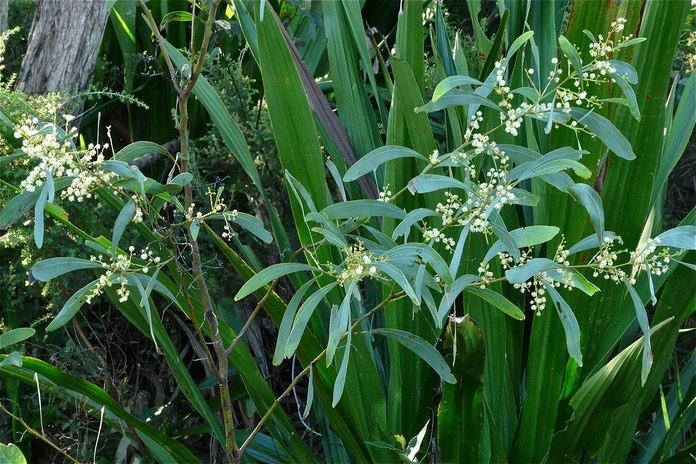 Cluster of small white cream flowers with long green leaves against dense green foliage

===============

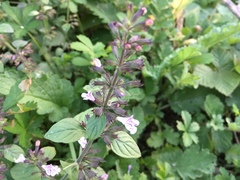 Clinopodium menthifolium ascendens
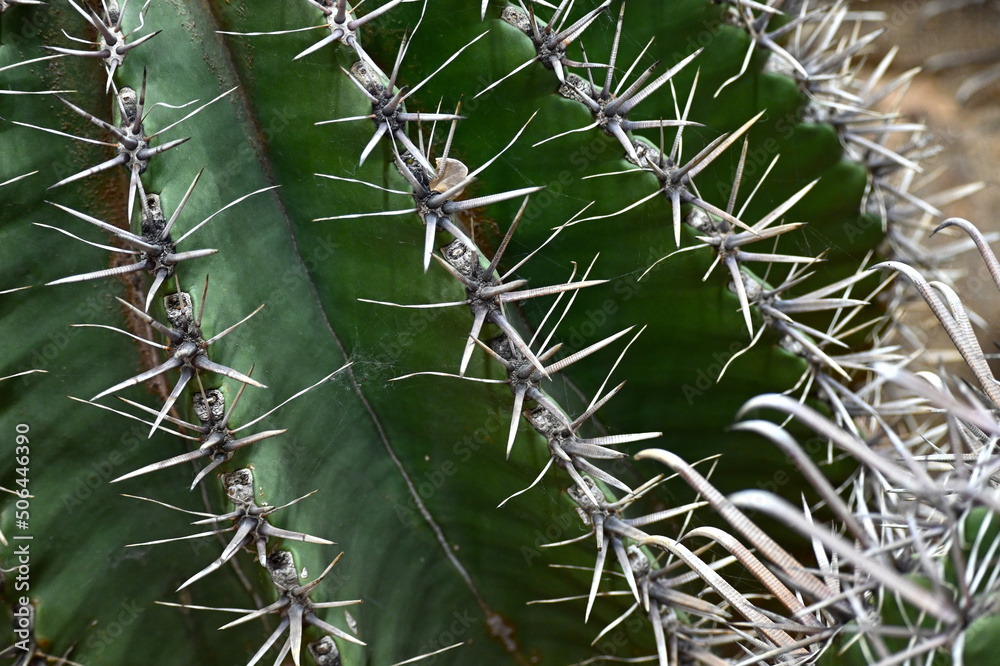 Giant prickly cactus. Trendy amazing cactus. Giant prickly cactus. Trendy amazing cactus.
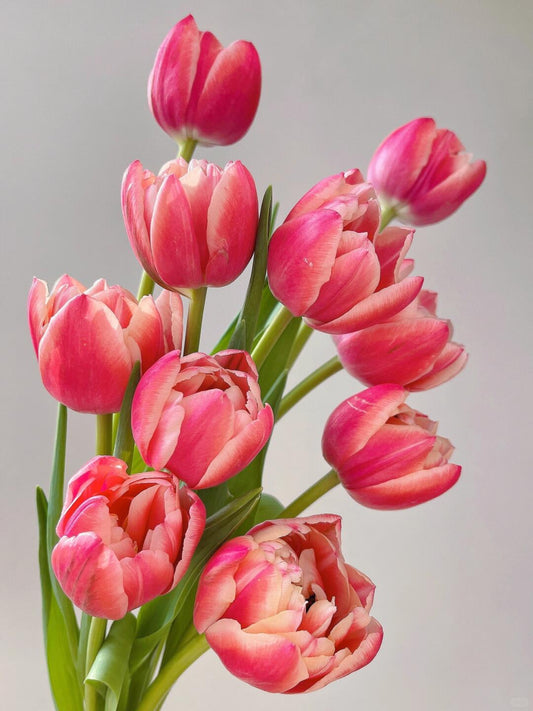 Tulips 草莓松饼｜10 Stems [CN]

===============

* Work task: Using the records above, repeat exactly the run of lines that starts with the line with "Giant prickly cactus. Trendy amazing cactus. Giant" and goes on through the line with "Tulips 草莓松饼｜10 Stems [CN]"; omit each picture.

* The completed task:
 Giant prickly cactus. Trendy amazing cactus. Giant prickly cactus. Trendy amazing cactus.
 Tulips 草莓松饼｜10 Stems [CN]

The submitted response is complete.